Also ich muss sagen, dass es mir mehr um das Reiten als um die Kunst geht. Ich will einfach ein guter Reiter werden.
Und je länger ich auf dem klassischen Weg unterwegs bin, desto mehr verstehe ich eigentlich, dass alle das Gleiche machen und alle nur mit Wasser kochen (DAS mußte ich auch erst lernen und erkennen, was habe ich noch vor Jahren immer auf die anderen geschimpft :lol: ). Deswegen gibt es für mich nicht wirklich einen "Tellerrand", wie das immer so schön bezeichnet wird. Und deswegen definiert sich für mich auch das Reiten nicht über Lektionen, sondern über die Wege die man einschlägt um ein Ziel zu erreichen. Herr Karl hat das mal so schön definiert.
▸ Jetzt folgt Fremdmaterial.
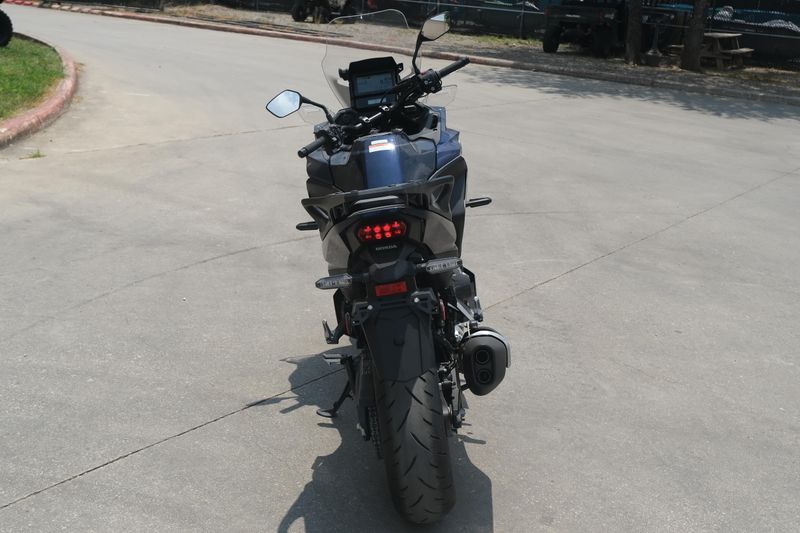 2025 Honda NT1100D PEARL HAWKEYE BLUE Image 4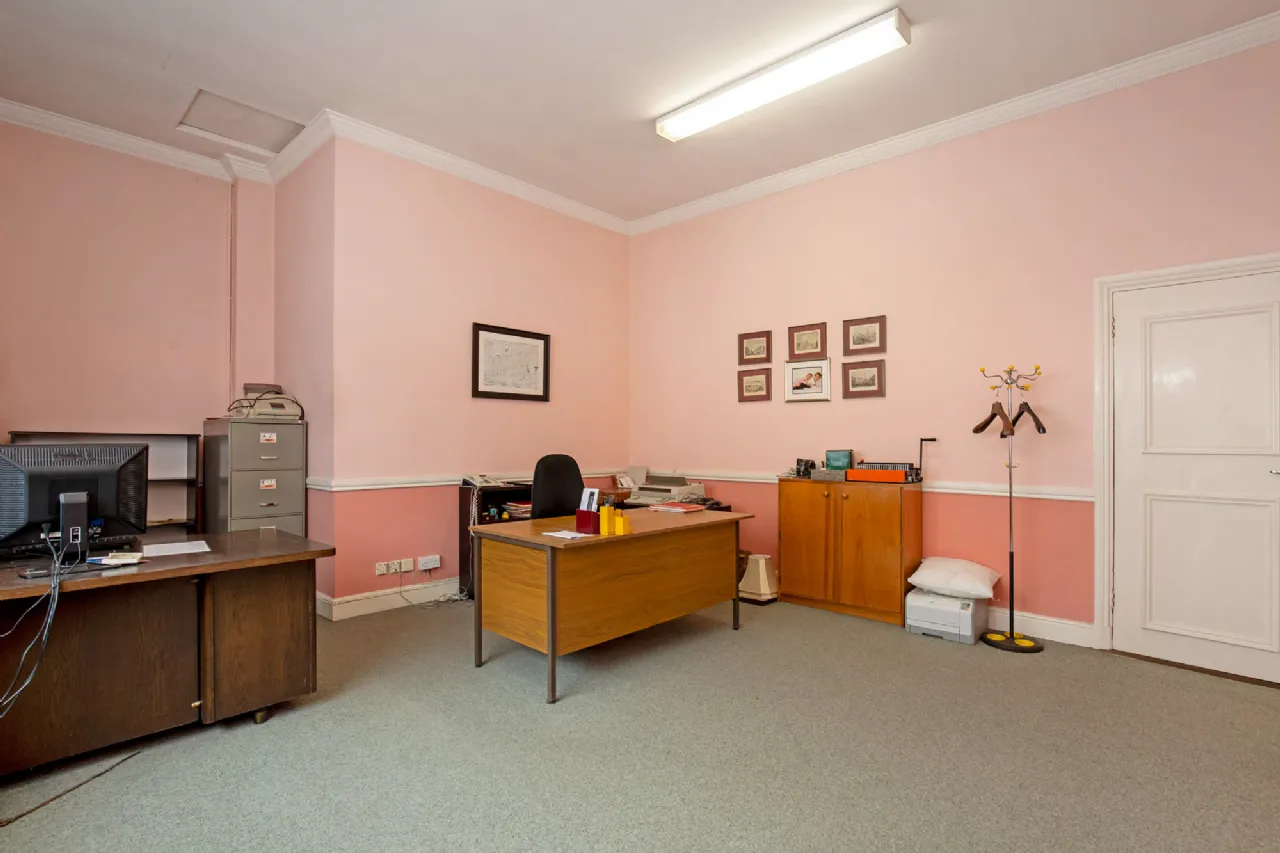 Photo of Clinton's, 25-27 Parnell Street, Clonmel, Co. Tipperary, E91X2V5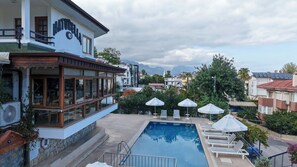 Outdoor pool, a waterfall pool, sun loungers - Naturella Apart Hotel (Kemer)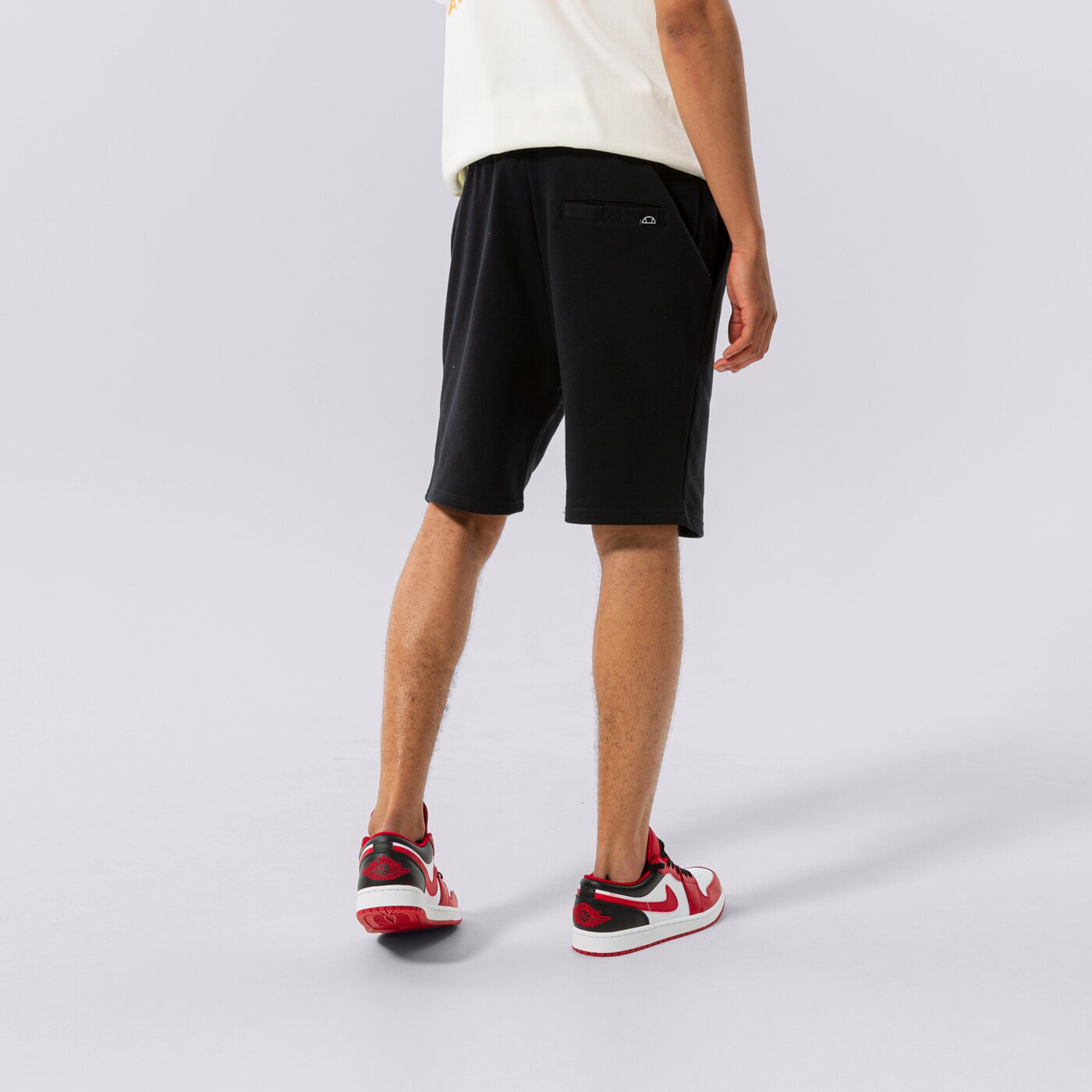 Мъжки къси панталони ELLESSE ШОРТИ ALLED SHORT BLACK smg17112011 цвят черен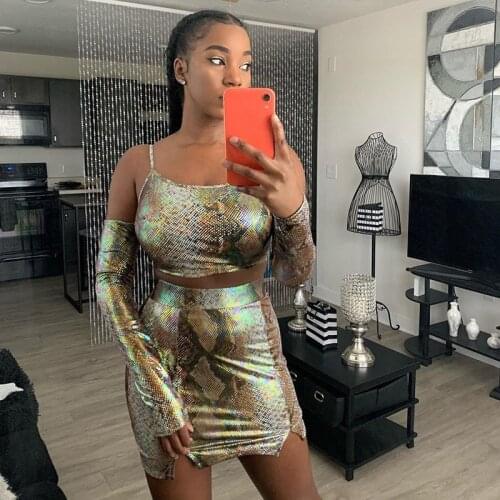 2 Pcs Ladys Sexy Dress Set Sparkling Irregular Long Sleeve Sling Bare Midriff Snakeskin Pattern Slim Short Package Hip Skirt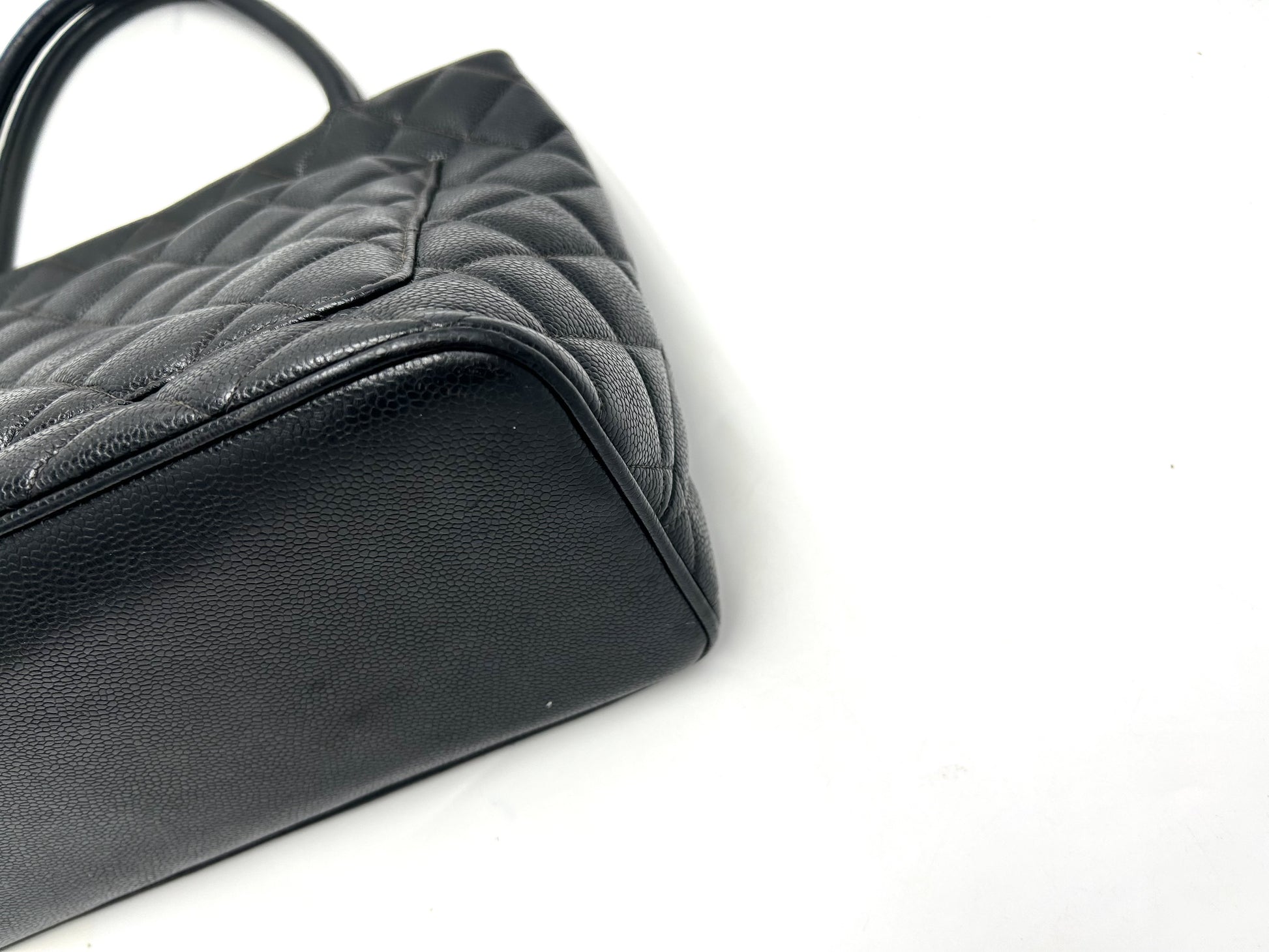 CHANEL Reissue Tote Caviar Skin Gold Hardware Bag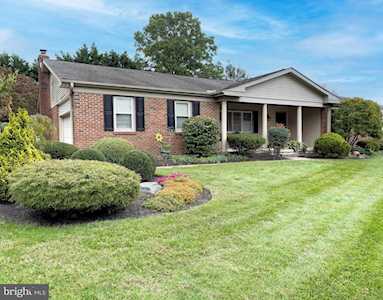 2409 Landon Dr Wilmington, DE 19810
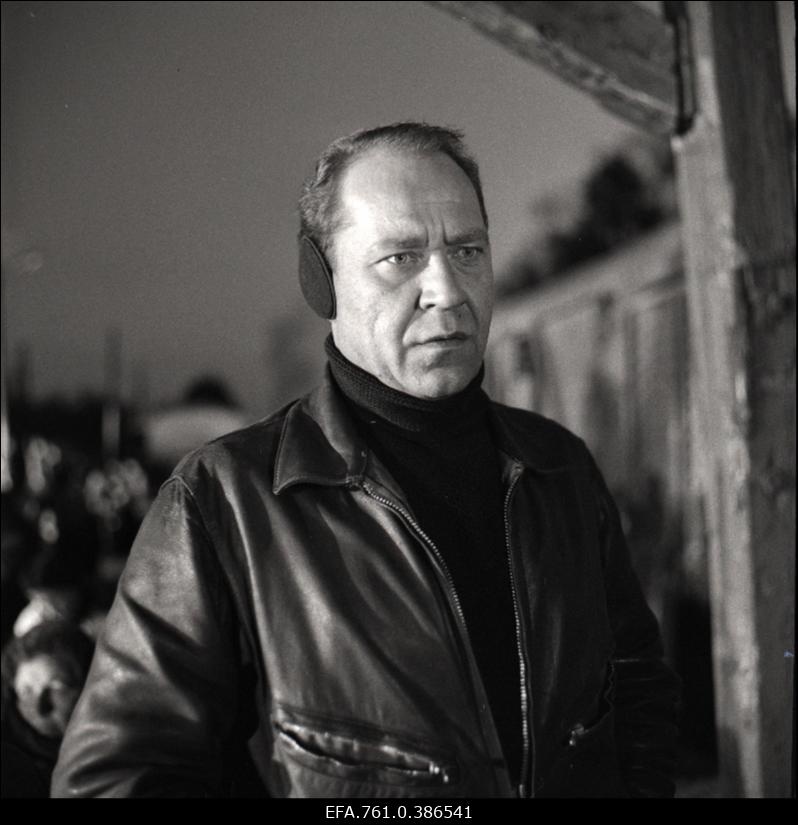 Filmi "Äratus" filmimine. Tõnu Kark Voldemar Rassi osas.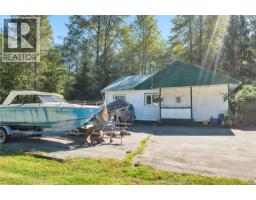 1260 Sayward Rd, Sayward, BC V0P1R0 Photo 67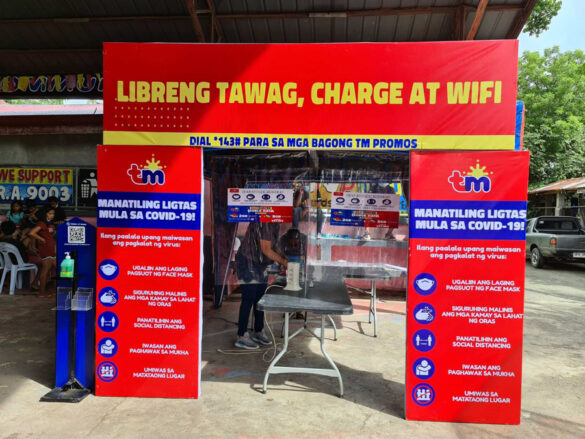 Globe deploys more Libreng Tawag, Libreng Wifi sites, distributes relief goods for Typhoon Ulysses victims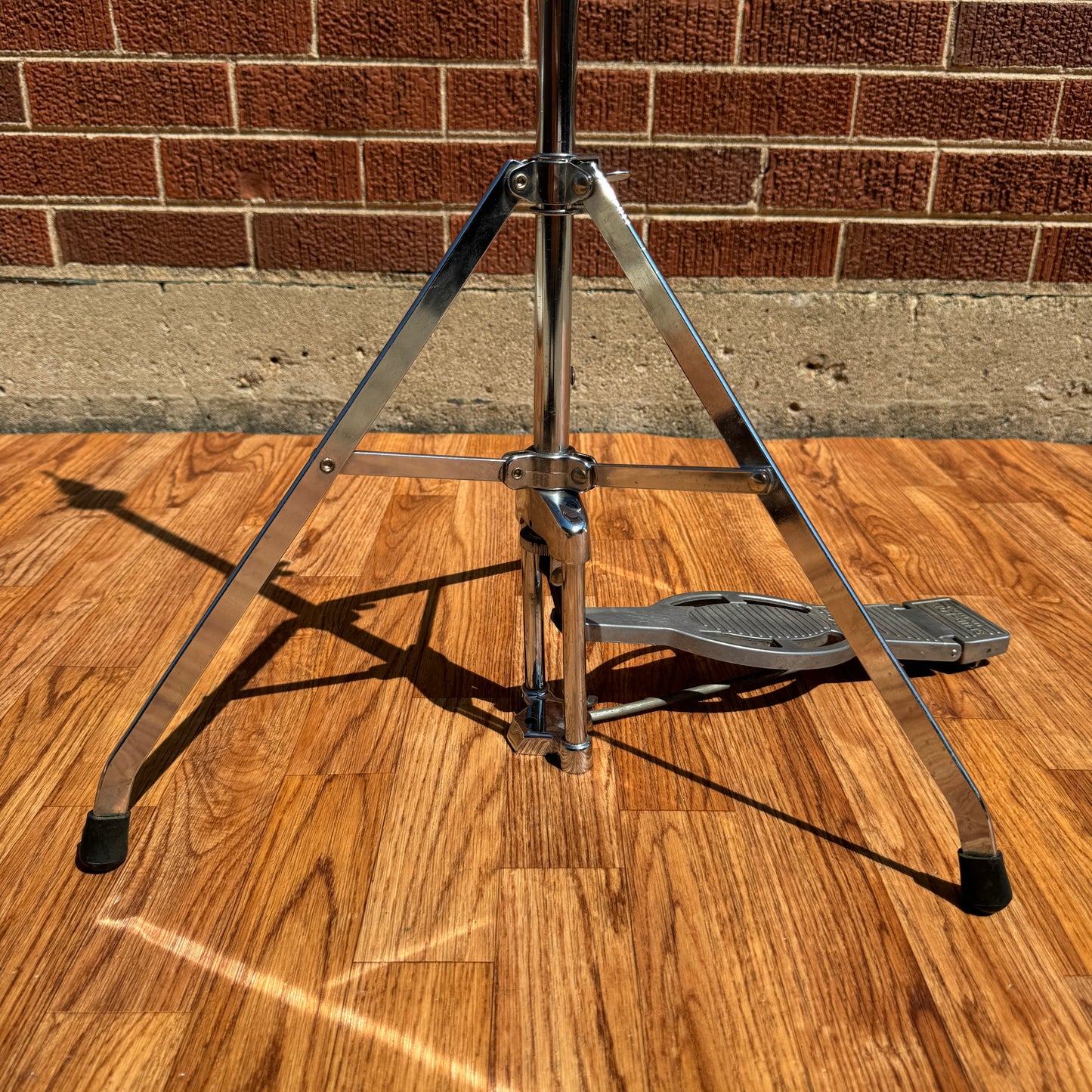 1960s Ludwig Atlas No. 1124 Direct Pull Big Beat Spur-Lok Hi-Hat Stand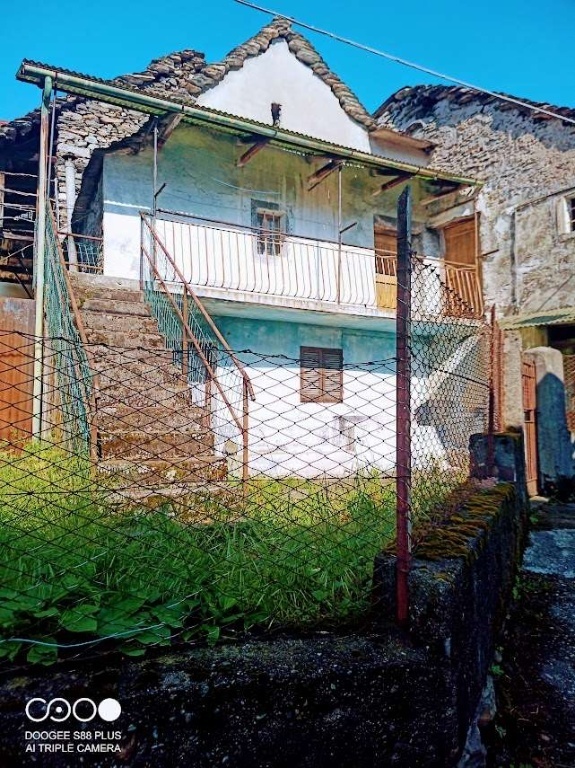 Casa indipendente in Fomarco 10, Pieve Vergonte, 6 locali, 1 bagno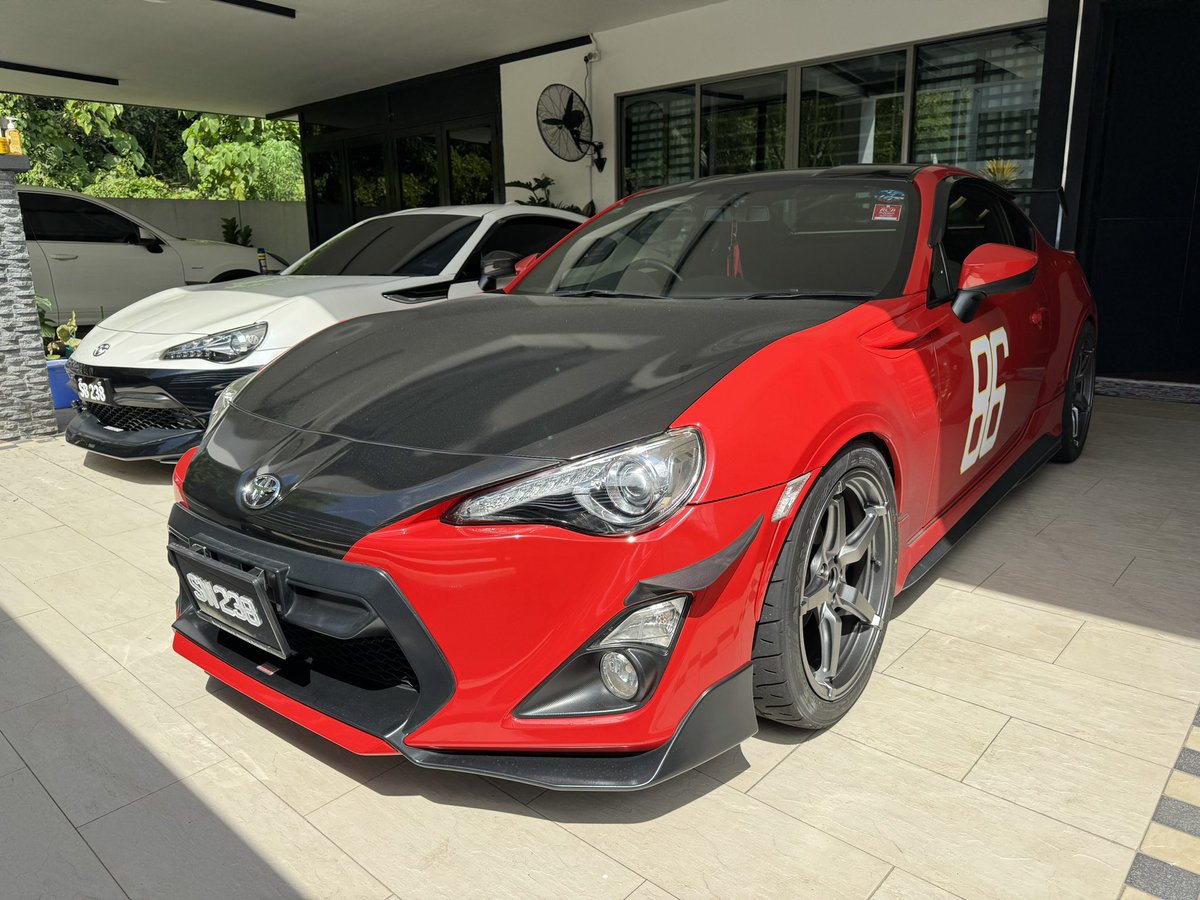 bennynsp's tweet photo. @mfg_anime wrong car again this year https://t.co/lpoRK72o1Y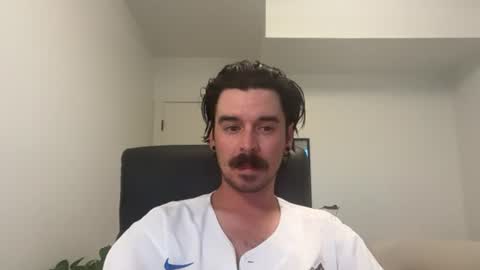 moustachematt online show from 07/16/26, 01:55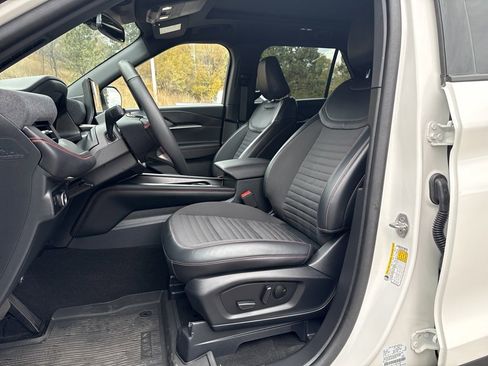 Certified 2025 Ford Explorer ST-Line w/ Premium Package image 11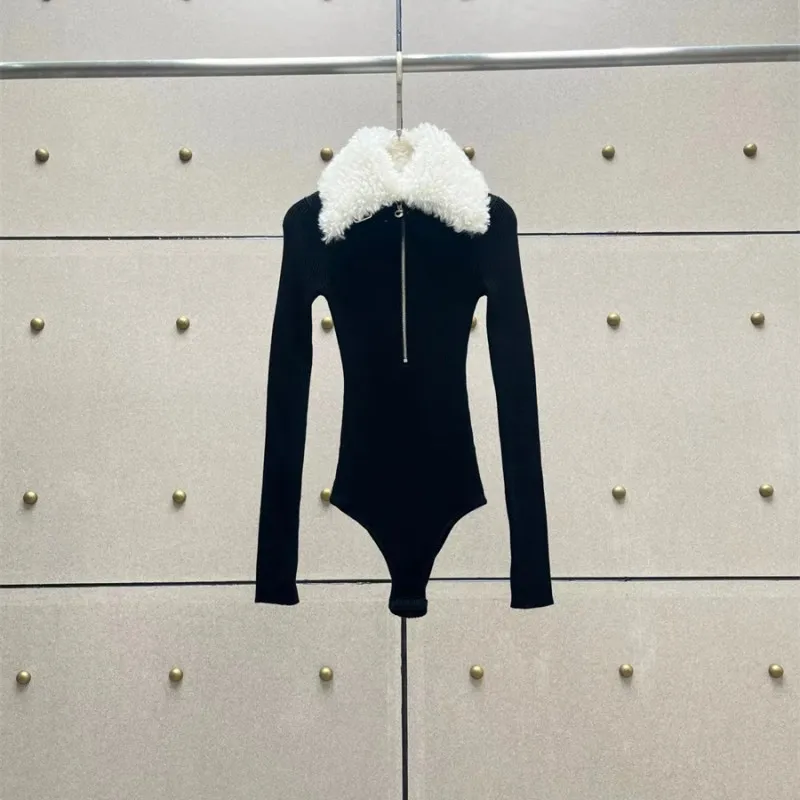 Рисунок 5 - Женский комбинезон 2023 Осенняя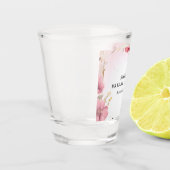 彼が私に蝶々を与える ブライダルシャワー ショットグラス (左)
Sinngemäß sagte er, dass klassisch - "für das Pferd" bedeutet.

Und ReitKUNST hat in meinen Augen wenig mit Literatur zu tun (welche Autoren, welche Werke etc.). Reitkunst erreicht man mit viel Disziplin, Talent, Ausdauer, Geduld und Zeit. Reitkunst ist der Gipfel. Das Sahnehäubchen. Wenn einfach alles stimmt und da kommen nur sehr wenige hin.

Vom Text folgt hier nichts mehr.